Instructions for the task: Beginning with the line that includes "Sugar bowl Container", return every remaining line of the material exactly as it reads, but not the pictures.

Record excerpts:

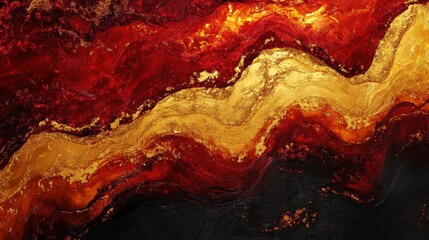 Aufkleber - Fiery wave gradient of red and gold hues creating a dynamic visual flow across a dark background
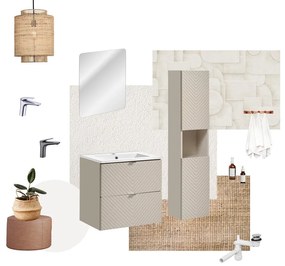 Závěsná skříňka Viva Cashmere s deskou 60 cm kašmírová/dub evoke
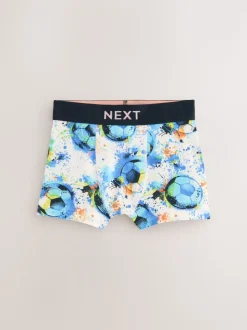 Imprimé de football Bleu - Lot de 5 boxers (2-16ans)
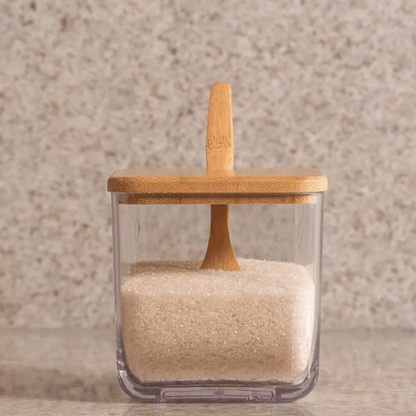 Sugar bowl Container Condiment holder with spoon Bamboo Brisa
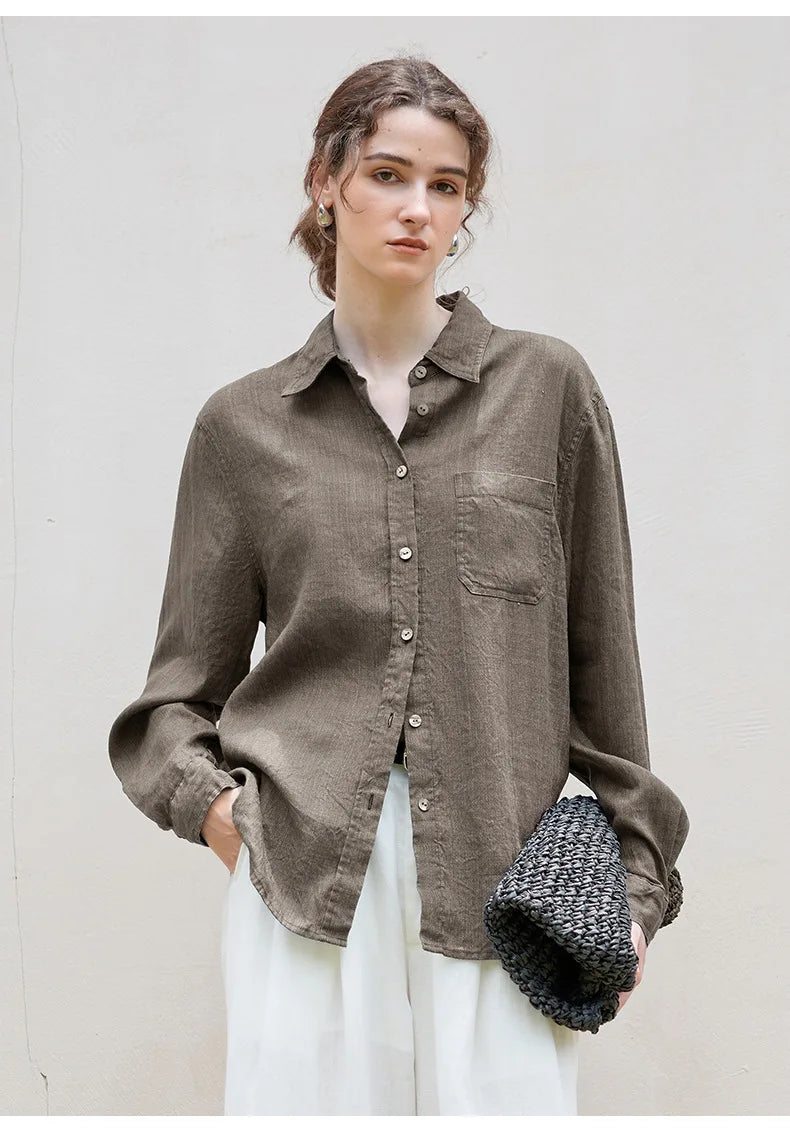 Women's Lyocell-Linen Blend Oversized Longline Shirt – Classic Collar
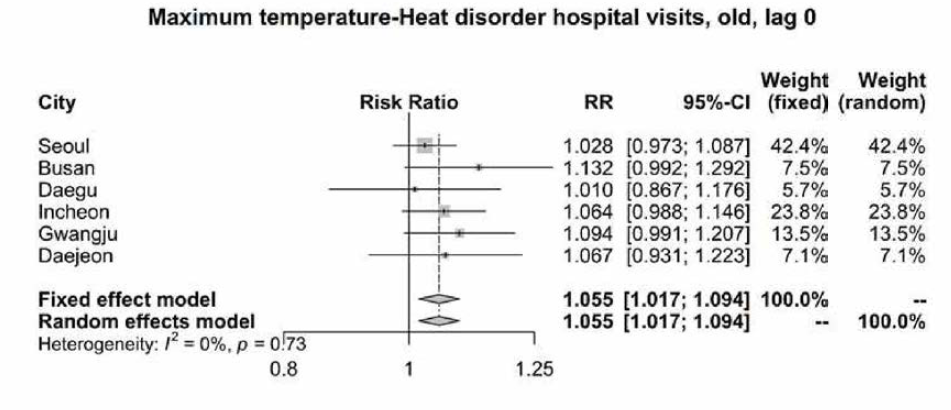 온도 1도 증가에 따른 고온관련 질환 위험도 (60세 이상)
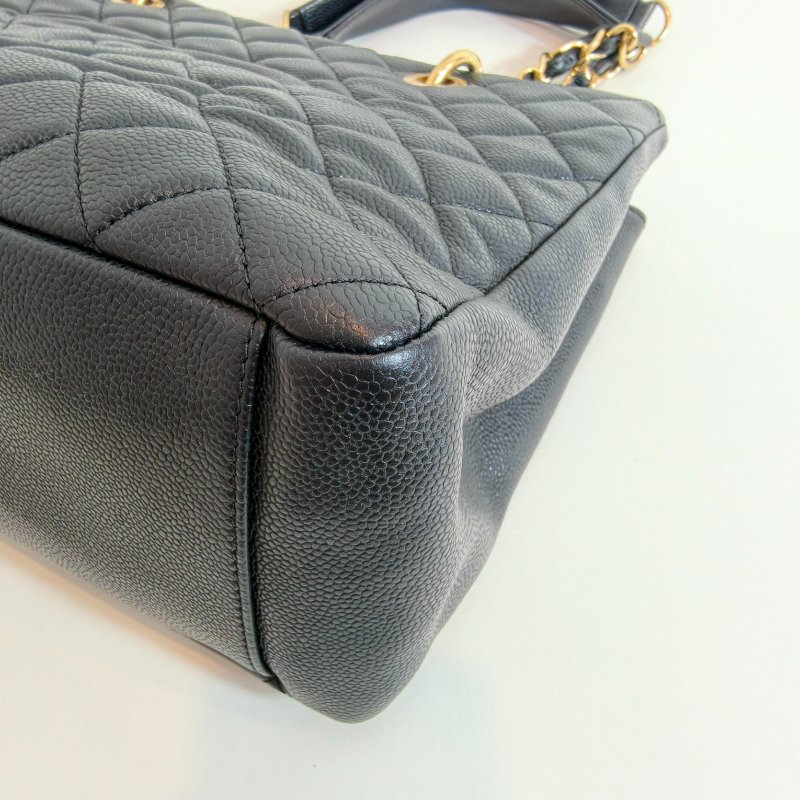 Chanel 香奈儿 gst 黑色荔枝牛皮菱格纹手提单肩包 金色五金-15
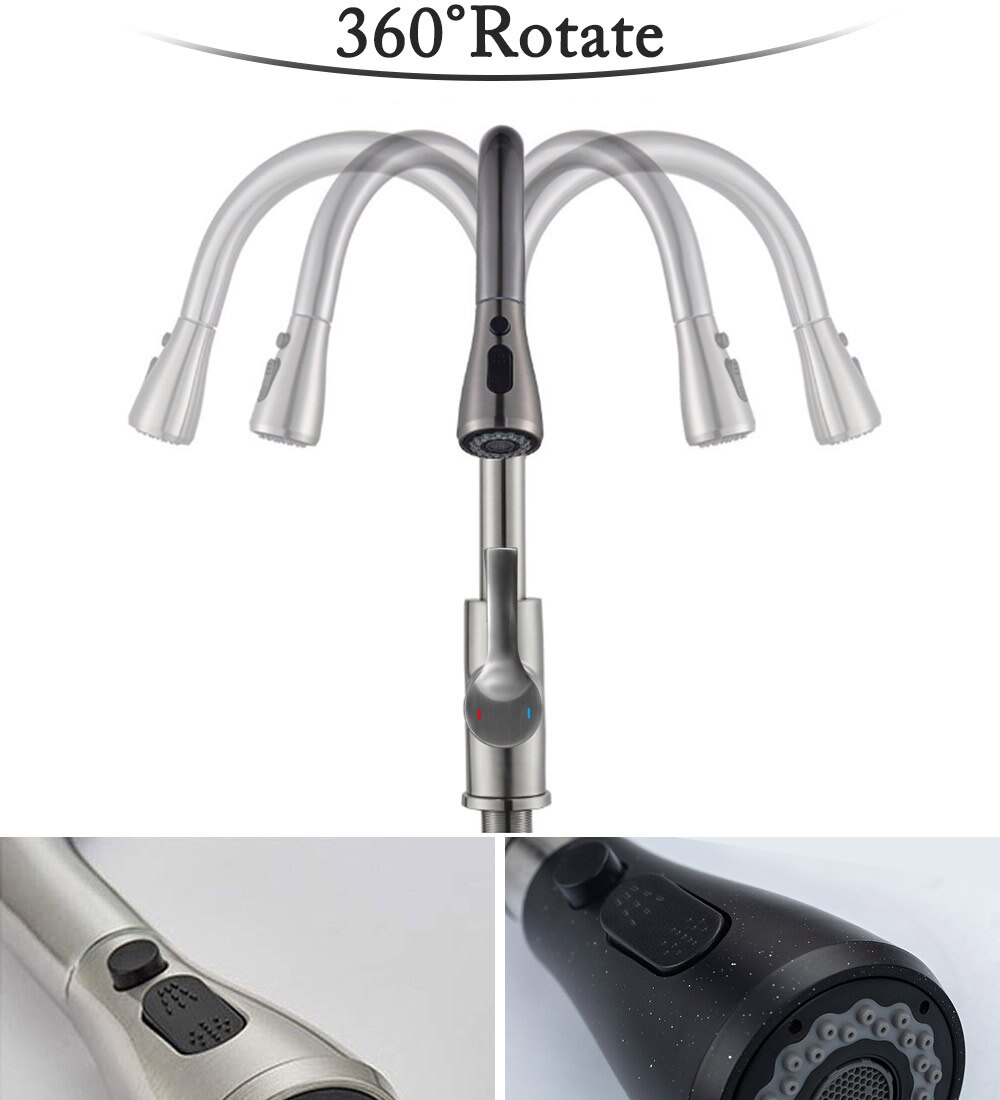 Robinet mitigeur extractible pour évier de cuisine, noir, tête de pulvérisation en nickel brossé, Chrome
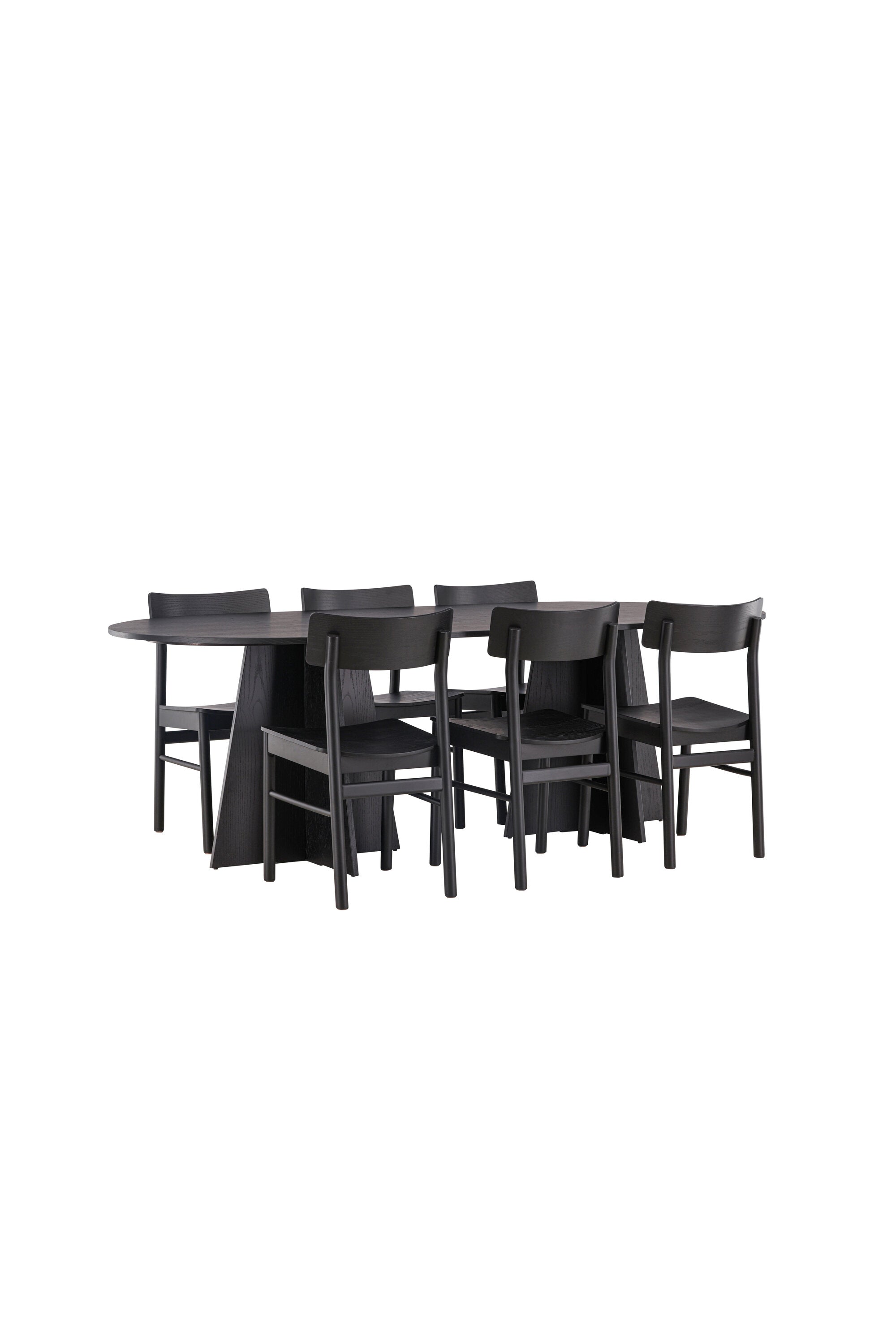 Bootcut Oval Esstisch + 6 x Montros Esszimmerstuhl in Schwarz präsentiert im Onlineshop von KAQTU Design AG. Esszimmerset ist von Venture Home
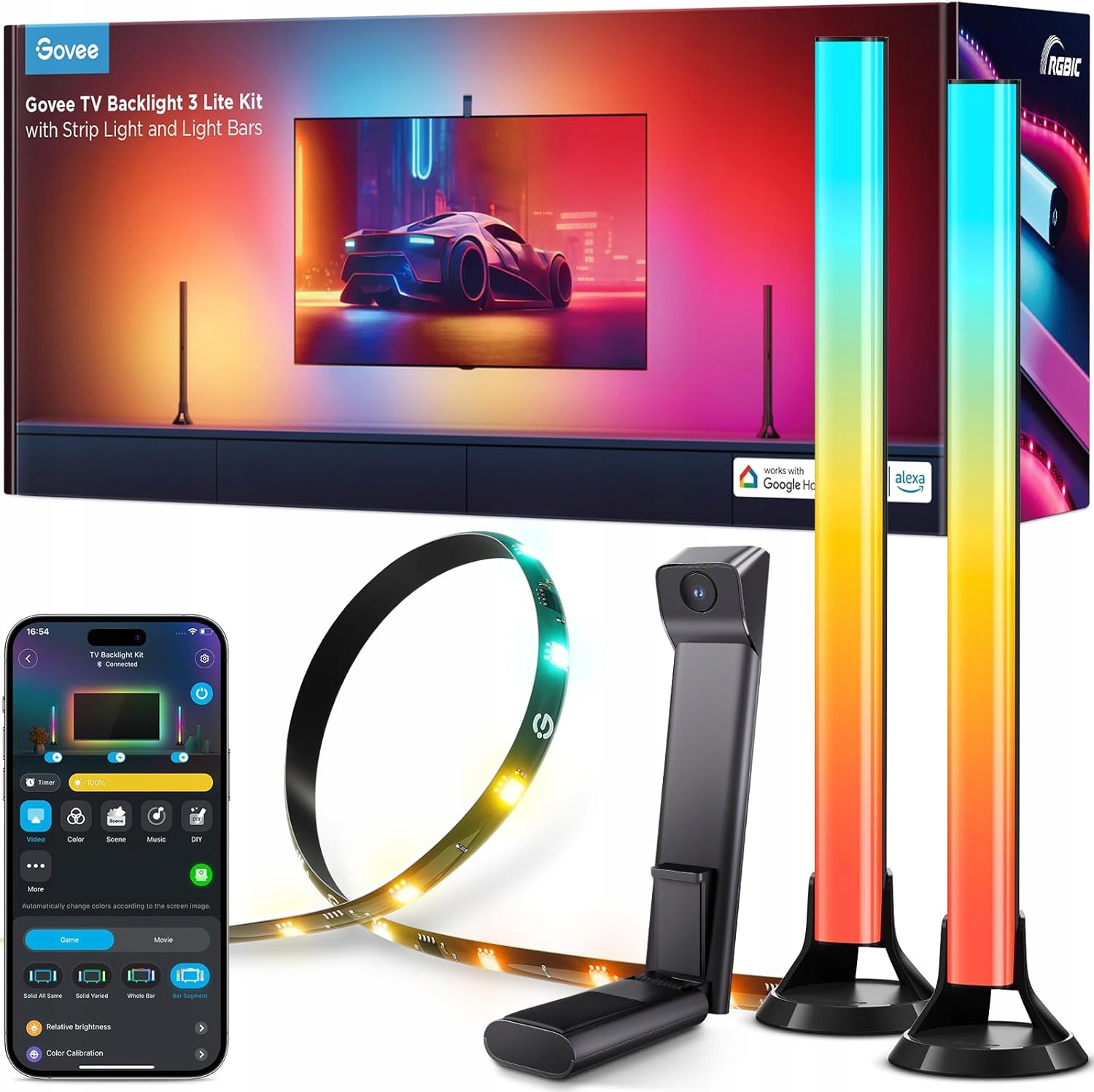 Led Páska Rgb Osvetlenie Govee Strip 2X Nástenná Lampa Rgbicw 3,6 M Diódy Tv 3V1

Finished exercise:
 Sugar bowl Container Condiment holder with spoon Bamboo Brisa
 Women's Lyocell-Linen Blend Oversized Longline Shirt – Classic Collar
 온도 1도 증가에 따른 고온관련 질환 위험도 (60세 이상)
 Chanel 香奈儿 gst 黑色荔枝牛皮菱格纹手提单肩包 金色五金-15
 Robinet mitigeur extractible pour évier de cuisine, noir, tête de pulvérisation en nickel brossé, Chrome
 Bootcut Oval Esstisch + 6 x Montros Esszimmerstuhl in Schwarz präsentiert im Onlineshop von KAQTU Design AG. Esszimmerset ist von Venture Home
 Led Páska Rgb Osvetlenie Govee Strip 2X Nástenná Lampa Rgbicw 3,6 M Diódy Tv 3V1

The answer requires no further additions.